An immense, round object the size of the Daughter materialized in the mist, resolving itself into a great lizardfolk head carved from green marble and studded with emeralds. The sailors marveled with one another.
“Eyes forward!” Mirian shouted.
“Another nears,” Jekka said.
They came upon a second head, just as large, this one with open maw. It had been decorated with gold and glittering bits of stone that sparkled like glass. The slitted eyes of the thing were immense rubies.
They drifted past. One ship-length, two—
“Starboard five points,” Jekka ordered. His voice was level, controlled, as if he had done this a hundred times. Mirian called to the crew to adjust sails once more.
“Starboard five points, aye,” Ensara answered, and spun the wheel. The ship creaked, heeled, turned. “We’re definitely not on waves. I’m not meeting much resistance at all.”
“Just as long as we keep floating.
“Be warned,” Jekka said. “We’re about to hit the first of the three currents.”
“All hands clap on!” Mirian shouted, and just in time, for the Daughter shuddered. The ship pitched forward, borne by unseen energies.
She heard Jekka counting quietly, methodically beside her, as though he had no care in the world. At eight he said, “Port twenty degrees!”
Ensara echoed the command, shifting the Daughter, and they blew past a reef that reached, clawlike, from starboard. A moment later they heard a rending crash, and a host of screams from somewhere aft.
“Ivrian?” Mirian called. Whatever that was sounded too far away for the Daughter.
“I think that was Telamba’s ship,” Ivrian called back.
Mirian found a tight-lipped smile on her face. The screams continued, as did the sound of smashing timbers.
The current seemed to have slowed.
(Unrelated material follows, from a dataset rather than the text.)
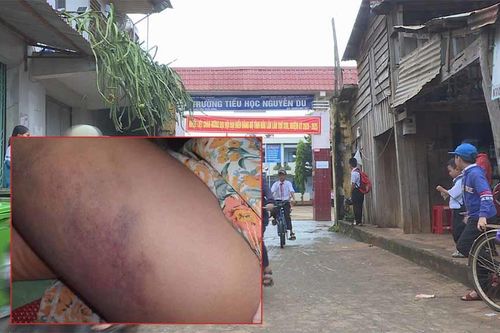 Đề xuất kỷ luật khiển trách cô giáo đánh học sinh lớp 3 bầm tím đùi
Nothing was visible but tendrils of mist glowing with green and blue energies. About them all was quiet save for a rising wind, like the wail of forgotten souls.
The ship lurched h
eavily to starboard. Mirian grabbed Jekka’s arm to steady herself.
The ship rocked, battered by a surge from port.
“We are halfway,” Jekka said to her questioning glance. “Ensara, ten points to starboard. We are approaching the inner circle and the last current.”
Once again the pirate captain repeated Jekka’s order. “Standing by.”
“Gods preserve us!” Ivrian’s plea mixed with colorful curses and even a series of male screams as the shattered hulk of a ship tumbled end over end in the mist directly aft, borne by some errant current in the swirling mist.
“Starboard!” Mirian cried.
Ensara scrambled with the wheel. What Mirian had taken for a ship was but the front third of one, shattered, trailing broken timber and bits of line. Incredibly, living men clung to the wreckage.
“Straighten us out,” Jekka cried. “We can’t miss the next current—”
“If I straighten us, we’ll hit them!” Ensara objected.
“If we don’t, we’ll sail off course!”
“You heard him, man!” Mirian ordered
Ensara groaned, swung the wheel as the hulk tumbled past their port side. “I think we might just ma—”
The ship shivered as the wreck brushed their port rail. The Daughter lurched further to starboard.
A figure leapt from the heaving deck before it was swept away. He landed in a crouch beside the rail and immediately stood. He was tall, muscular, and dressed in an emerald loincloth, his dark face painted with the white lines of a skull. He raised his gloved hand. From Ivrian’s description, she knew him immediately for Telamba.
Mirian ripped her cutlass free and charged him.
Her blade caught in Telamba’s gauntlet before the red glow in its center spread. Her strike broke the spell but didn’t cut the glove or even the warrior, though it forced him back. He snarled into her face.
“We’re clear!” Gombe shouted from the prow, and suddenly they burst into bright daylight. The ship’s deck heeled dangerously. Mirian couldn’t help lurching away from Telamba, who steadied himself at the rail.
“No,” Jekka cried. “Port, Ensara! Port!”